# Thought on the Specialized P series bikes?



## 84CUCV (May 5, 2008)

found a 04 and a 05 that are in my price range. both are pretty much stock. 04 it used a bit. not to bad.. 05 is in great shape. both are mediums. 18" i think he said. im 5 10" think it should fit fine.. would be my first DJ bike in a long time. thanks 

so what are your thoughts?? thanks


----------



## Ayenn (Jul 25, 2010)

Just looking at the 04 and 05 archives it looks like the only difference between the two year's models is 12 months. The question is which P bikes. There is a street and a jump version as well as aluminum and CroMo frames. If you are going to be jumping don't even bother with the street P. That would be like taking a freestyle BMX to a jump track. It can only end badly.

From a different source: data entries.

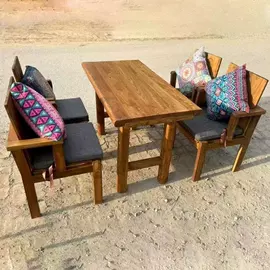 木板材;桌类、茶几;休闲椅/凳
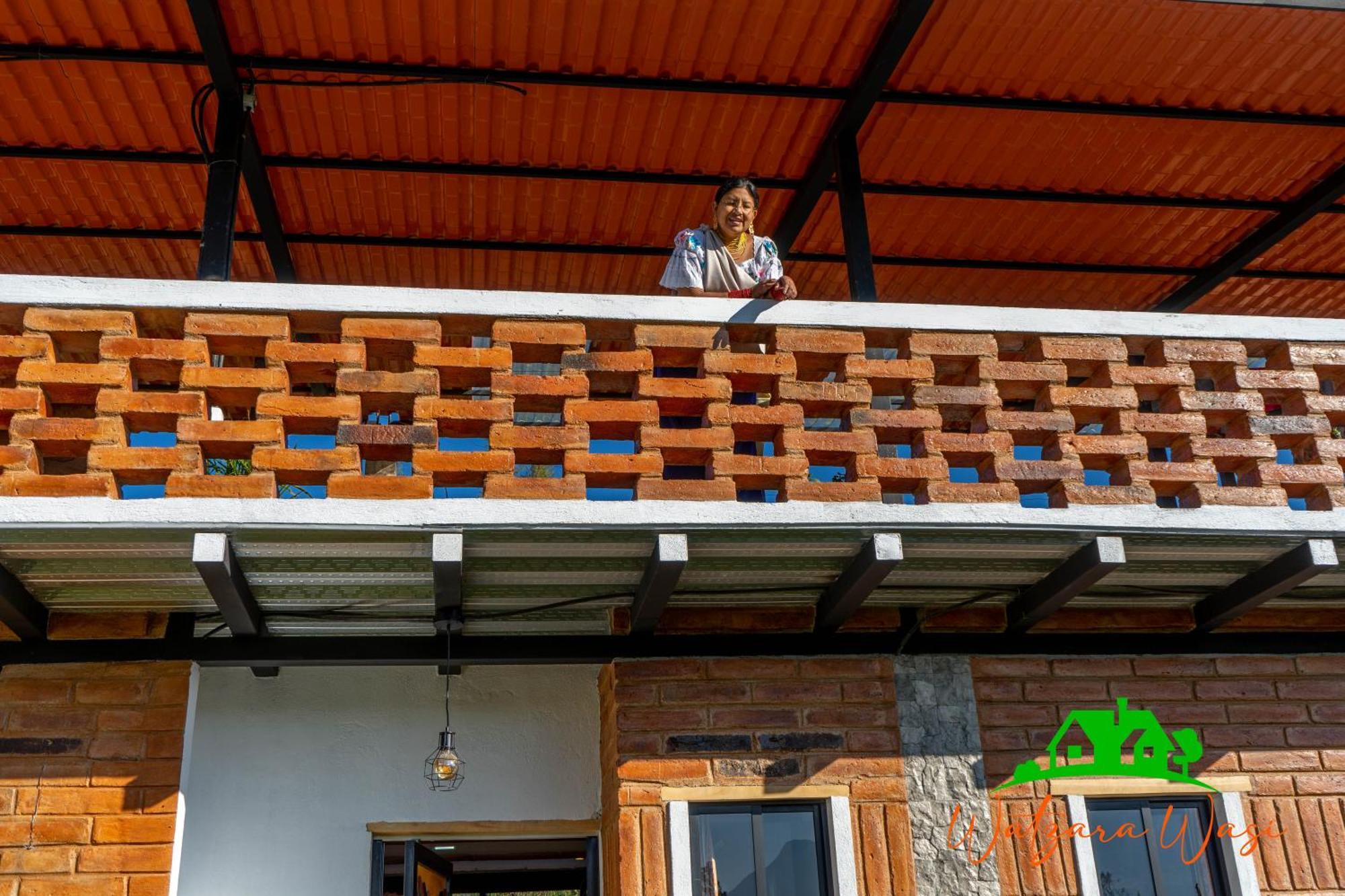 Watzara Wasi Cottage Familiar Camprestre Y Lofts En Cotacachi Zewnętrze zdjęcie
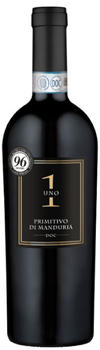 Masseria La Volpe Uno Primitivo di Manduria 0,75l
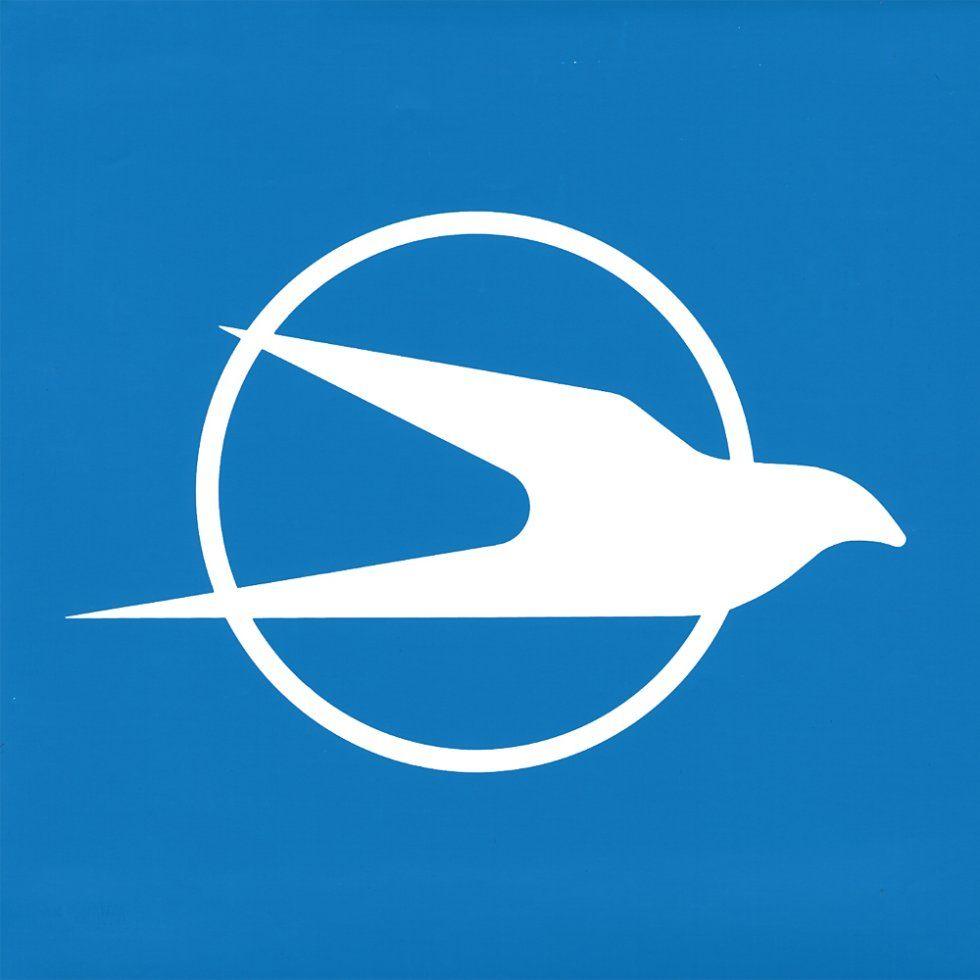 Dark Blue Airline Logo - Blue Airline Logos - #GolfClub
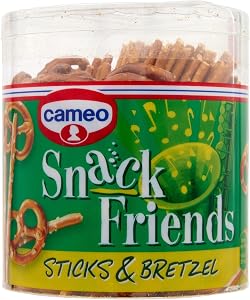 Cameo Snack Friends Sticks & Bretzel 300 g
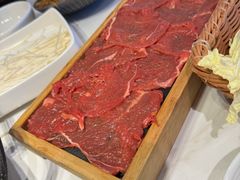 -巴邑火锅·鲜切牛肉(萧山银隆店)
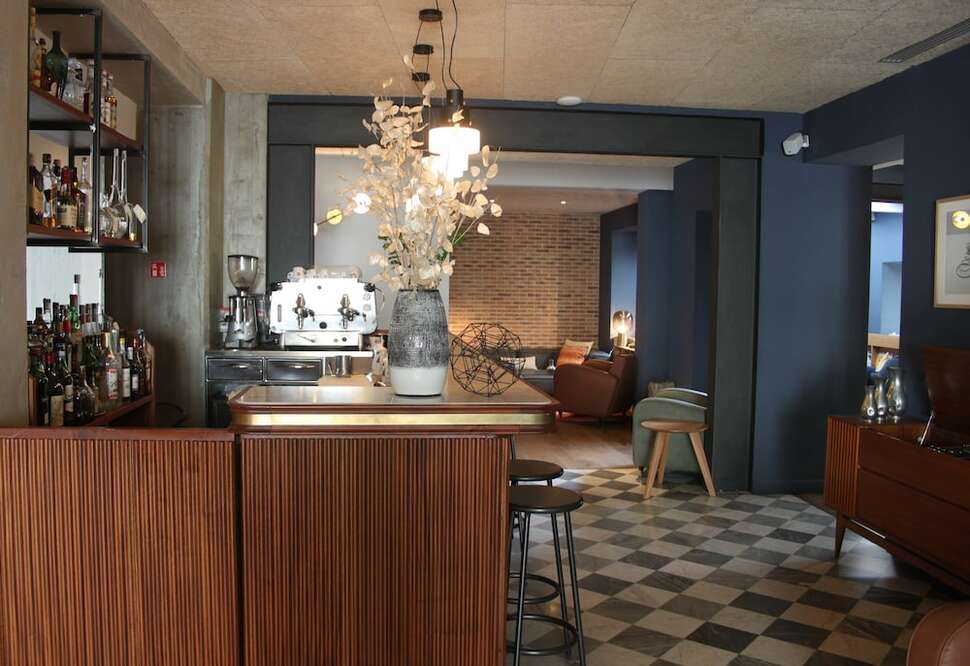 Een foto van Hotel Diplomat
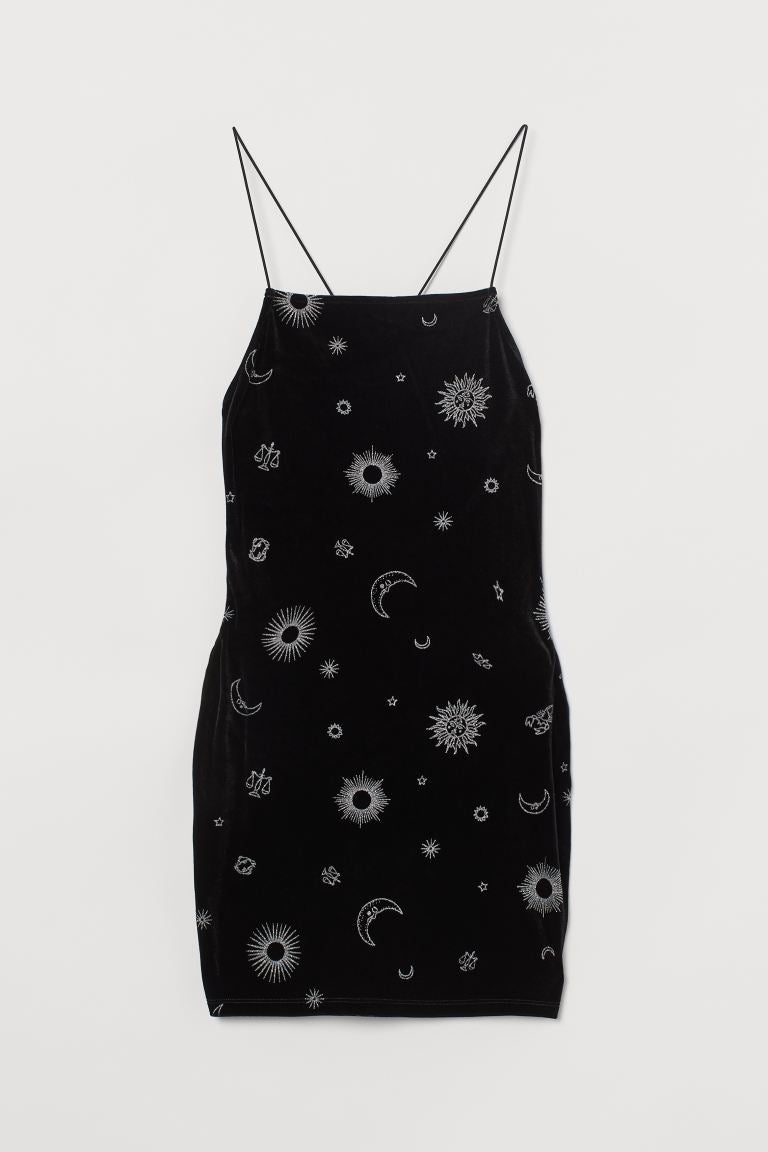 H&M + Bodycon Dress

So which one is it? Jump or street? Aluminum or CroMo?


----------



## 84CUCV (May 5, 2008)

its aluminum. to light to be steel. just asked about the jump or street. i thought it was for both really


----------



## 84CUCV (May 5, 2008)

just looked for myself.. its a jump one. its not a single speed


----------



## 84CUCV (May 5, 2008)

any idea what they sold for?


----------



## Ayenn (Jul 25, 2010)

Depending on weather or not it is a P2 Or a P3 the MSRP would have been 700 or 1300 USD for the 2005s. This last years P2 and P3 aluminum bikes listed for 1350 and 1650 USD.


----------



## Smasher! (Aug 28, 2009)

Wait, what's the difference in street vs. jumping? I thought they could be used for either or..?


----------



## Ayenn (Jul 25, 2010)

Those first Specialized P bikes had significantly different geo as per application. One was never meant to fly.


----------



## Smasher! (Aug 28, 2009)

Ayenn said:


> Those first Specialized P bikes had significantly different geo as per application. One was never meant to fly.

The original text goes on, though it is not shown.